Google employees internally share memes about how its AI sucks (404media.co)
126 points by elorant 2 hours ago
gandalfgeek an hour ago
(ex-Googler, spent 18 yrs there)
Memegen is a key part of the culture. Its default mode is over-the-top mocking, of course, with a grain of truth. Nobody and nothing is spared. C-level execs, products, the perf process.
So this by itself is not quite the scoop 404 media thinks it is. You could take the front page of memegen on any given day and construct twenty scandalous headlines of it.
tmoertel 33 minutes ago
On top of what you wrote, Memegen is not representative of opinions among Googlers. Memegen, like most social media, focuses on the extremes. You'll see a lot of spicy takes, but that's not what the typical Googler thinks. For a more realistic view, the comments on Memegen are better but, again, unlikely to represent the views of most Googlers.
So this article boils down to "On a site that focuses on extreme positions drawn from a very large population of people, we found extreme positions about this product." Doesn't really tell you much about the product or the very large population. You can make the same statement about most products and most very large populations.

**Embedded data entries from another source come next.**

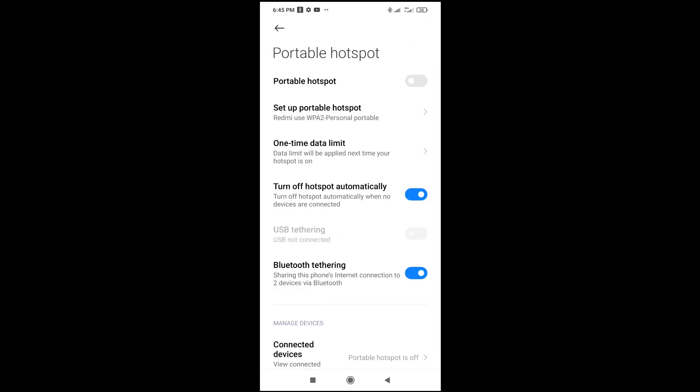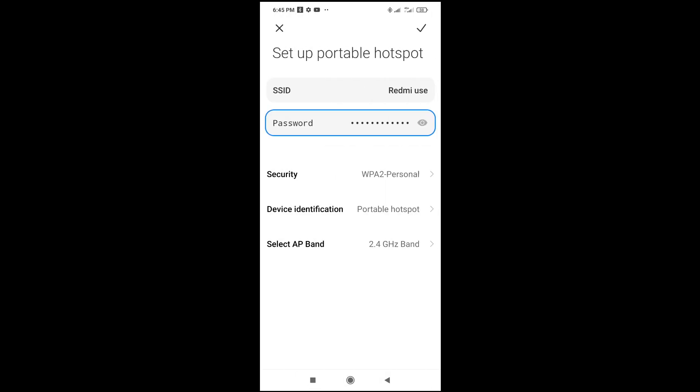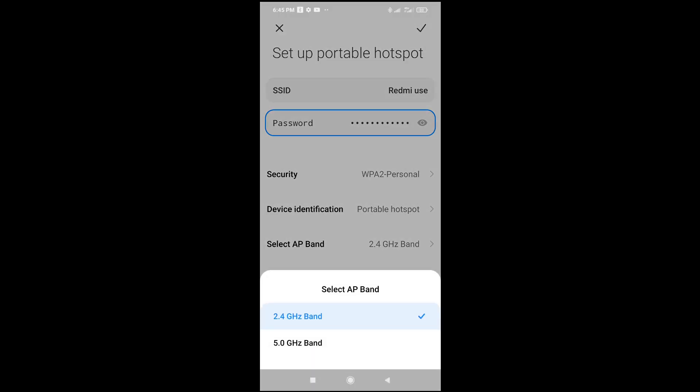When done, the next thing to do is click on set up portable hotspot. You can then see where you have select AP band. Right now, as you can see, the AP band for this one is 2.4 GigaHertz band.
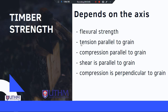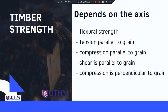Timber strength is classified into strength classes 1 through 5, depending on bending parallel to grain, tension parallel to grain, compression parallel to grain, shear parallel to grain, and compression perpendicular to grain. All these parameters are tabulated in Table 1 and Table 4 of Malaysian Standard 544.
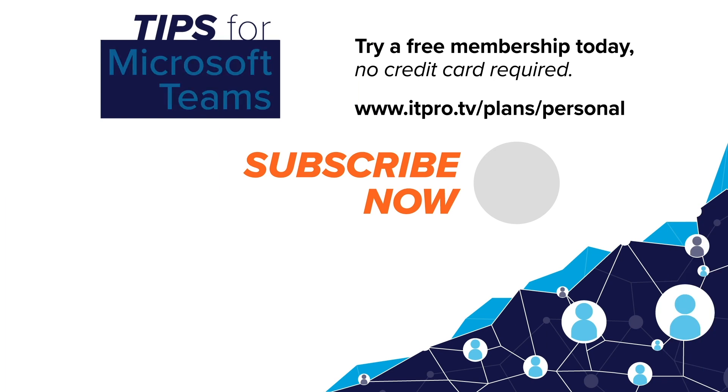Check out the playlist for more Microsoft Teams tips and be sure to subscribe to the ITProTV channel. I'm Adam Gordon, and thanks for watching.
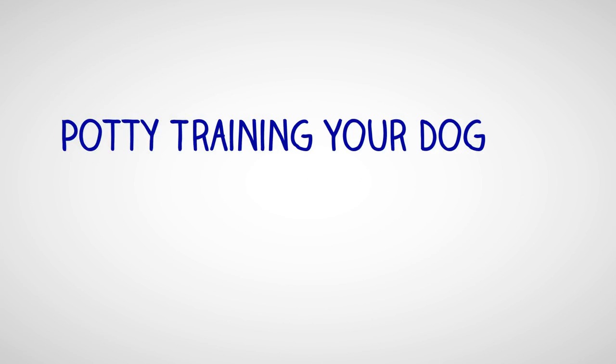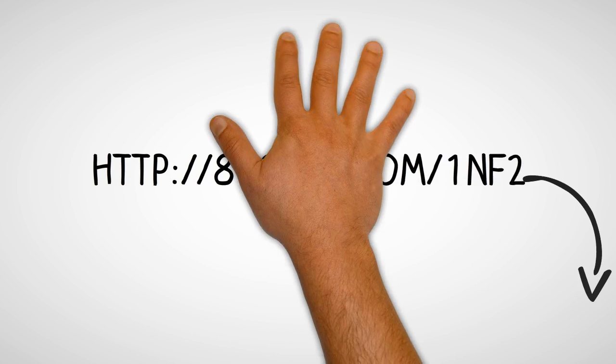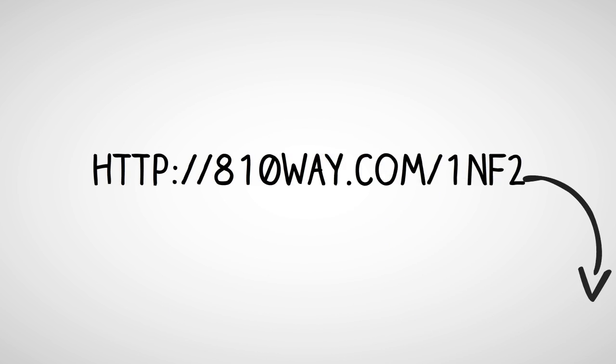House training. The paper training method. House training is the first thing your new puppy must learn. The toileting process a puppy learns in the first few months as a member of your household will last a lifetime, so it's important to do it right the first time.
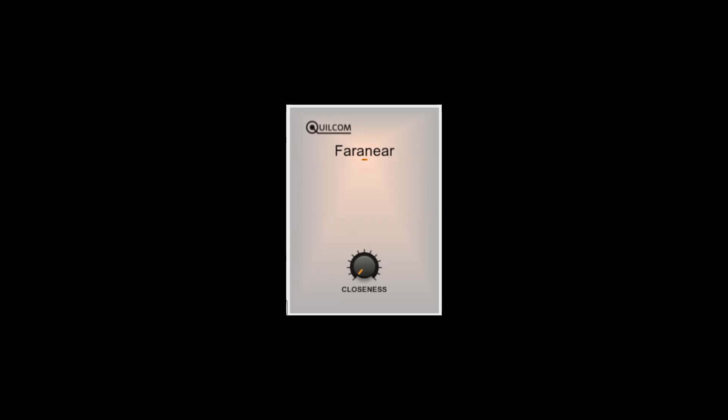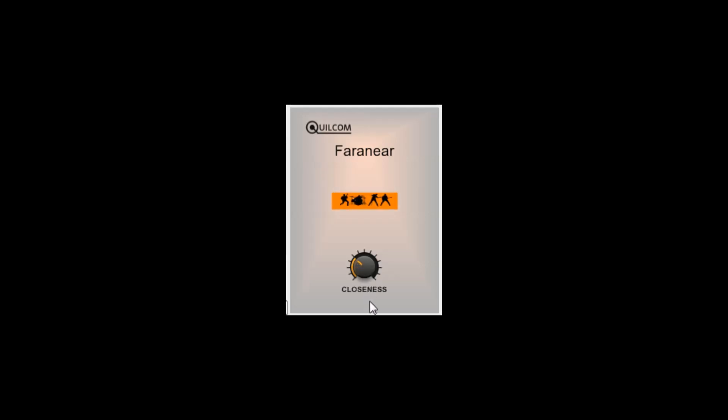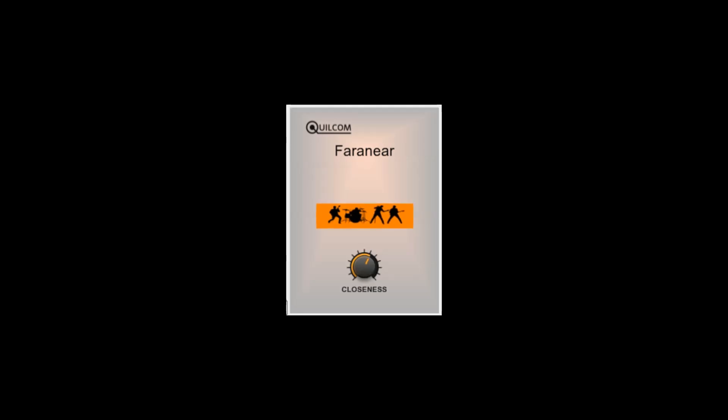I've loaded up a track by Dream Theater just to give another little demo. That's a long way away now. And then the door's open.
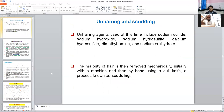Liming is followed by unhairing and scudding. For unhairing, unhairing agents are used: sodium sulfide, sodium hydroxide, sodium hydrosulfide, calcium hydrosulfide, dimethylamine, and sodium sulfhydrate. These agents remove the hairs present on the skin or hide. Sometimes the majority of hairs remaining after the unhairing procedure are removed with the help of a knife — that procedure is known as scudding.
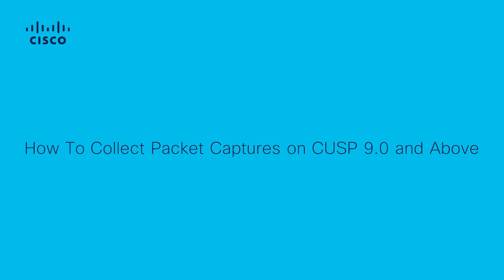Hello, this is Eric with Cisco TAC. In this video, I'll be presenting how to perform a packet capture for Cisco Unified SIP Proxy, which we commonly refer to as CUSP.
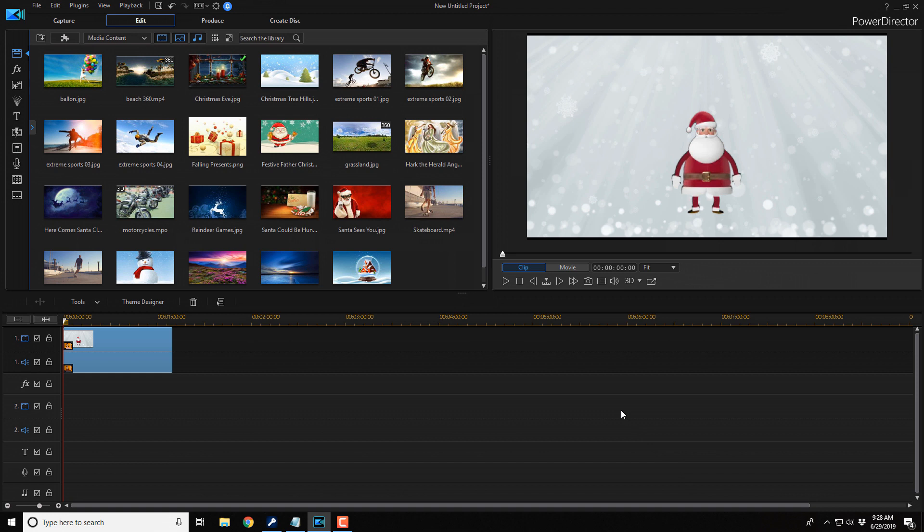If you decide that you like PowerDirector 17 and you want to buy or upgrade to the software, I'll leave some links in the video description. Don't forget to drop me a comment and a like down below. Thanks for watching. See you again soon.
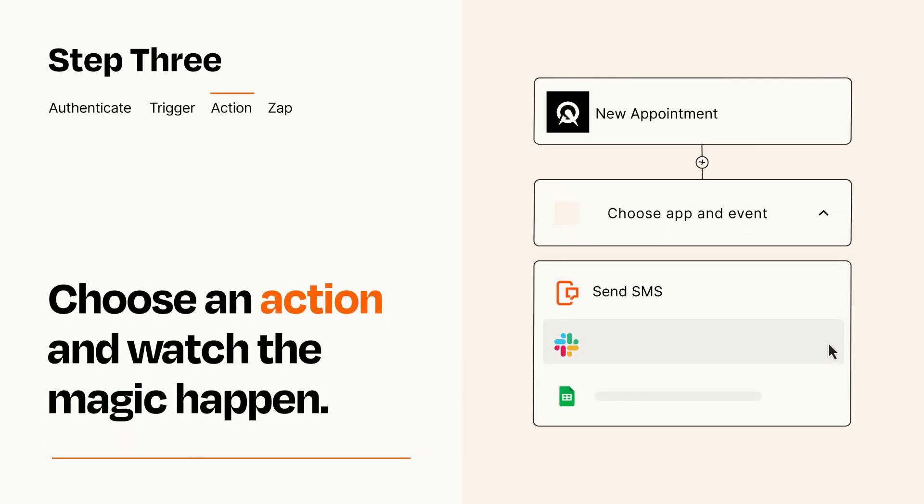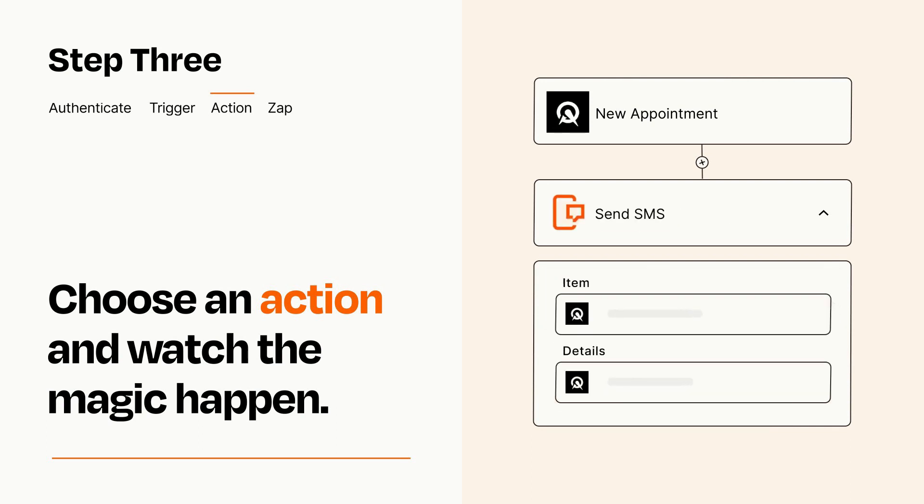You'll see a bunch of fields where you can specify the details of your Zap. You can type free form text or pull data in from your trigger step as needed.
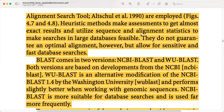It is because of these heuristic methods that alignment results from such a large database can be presented in a short period of time. They do not guarantee an optimal alignment; however, they allow for sensitive and fast database searches.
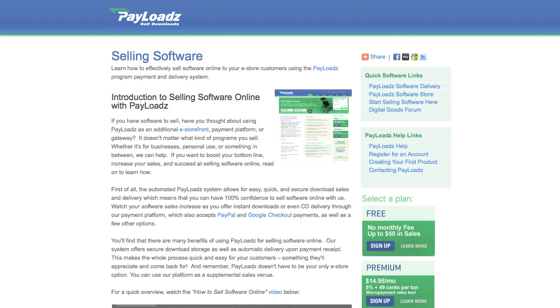If you're interested in selling your software online now is a great time to check out Payloads.com. Payloads.com offers an automated system that allows for quick, easy and secure download sales and delivery, which means that you can have 100% confidence to sell software online with us.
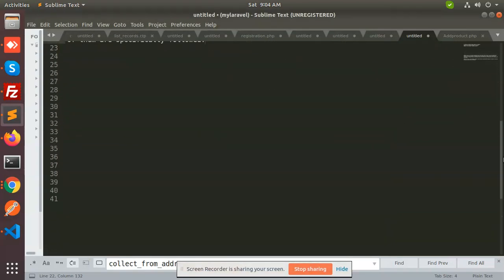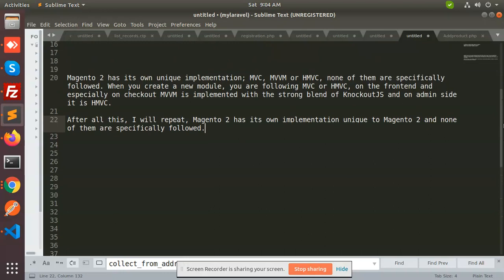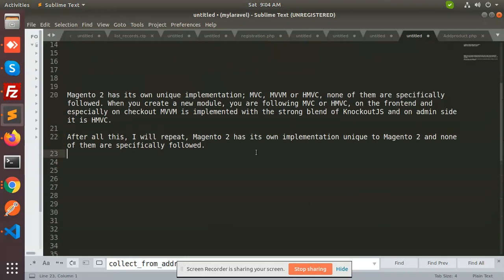Hello friends, in this video we are going to learn what is Magento, what are its features, and how it can be used. First of all, I want to share that Magento 2 is an e-commerce platform.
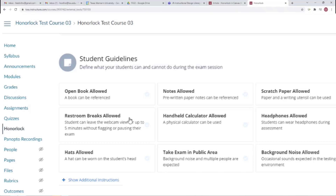Restroom Breaks Allowed permits exam takers to leave the webcam view for a short period of time. We encourage you to add additional instructions around the duration or frequency exam takers can use the restroom so that proctors can provide specific instructions. When Restroom Breaks Allowed is active, students can leave the testing area for up to five minutes without their exam being paused or flagged.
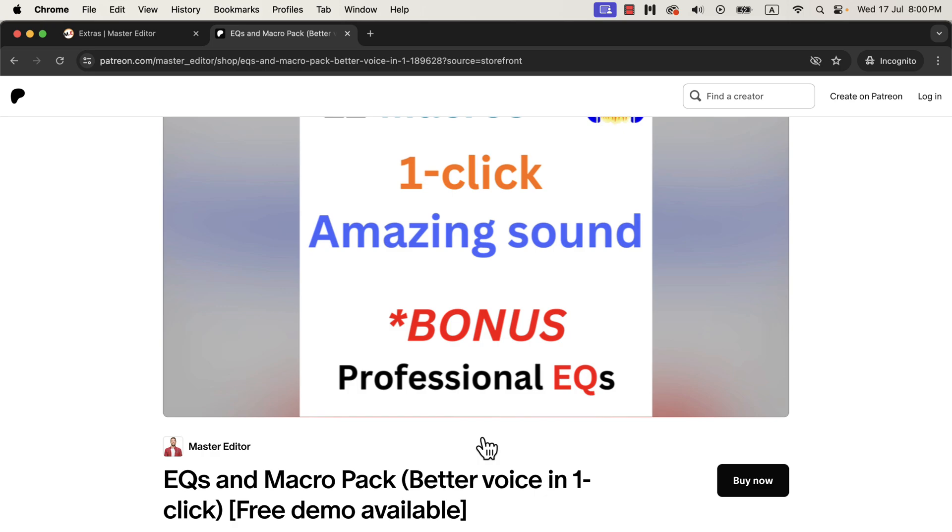I am also launching a new Audacity course with version 3.6 because the Audacity interface has changed significantly and the editing workflow has changed. You will see all the links in the description and pinned comments.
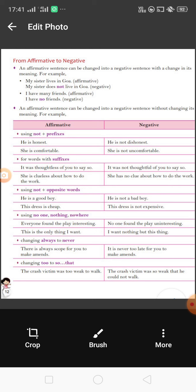Now another rule: if any sentence has the word 'always,' we can change it into 'never.' For example: 'There is always scope for you to make amends.' Here 'always' is used, so we change it to 'never' and say: 'It is never too late for you to make amends.' That is a simple sentence showing how 'always' changes to 'never.'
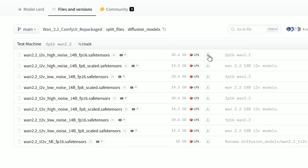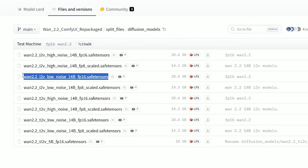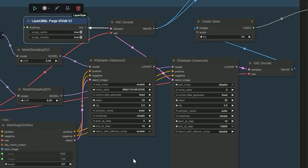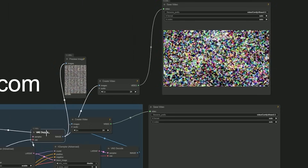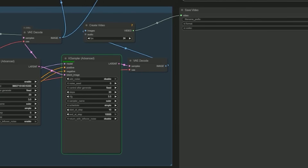Now let's get into the main model files, which go into the diffusion model folder. For the first time, Wan 2.2 uses a Mixture of Experts (MoE) system with two versions: high noise and low noise. If you are generating a 20-step video, the first 10 steps use the high noise model to form structure and movement, then steps 11 to 20 use the low noise model.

Disclaimer: Xoogler, worked at G 10+ years.
rcarmo 16 minutes ago
Came here to say that (not a Xoogler, but very familiar with portions of Google). Other companies have similar things :)
root-parent an hour ago
tracerbulletx 36 minutes ago
I can't be the only one who looks at this and doesn't think its that silly that it does that. I mean it's trying to incorporate a fact its being provided. Its insane it can do that at all. You could tune it to prefer pre-existing knowledge and not let the user correct it so easily, and to be more skeptical, but that would have downsides too. I don't think it's some big coup that you can tell it Google is a mushroom and it synthesizes that.
root-parent 25 minutes ago
cm2012 an hour ago
That seems like super harmless fun to me.
root-parent an hour ago
cwmoore 35 minutes ago
Interesting, only coild tell that they have degraded imgur even further.
Tried zooming in on text on iOS. Ads filled the screen and some random other imgur link loaded. Nope.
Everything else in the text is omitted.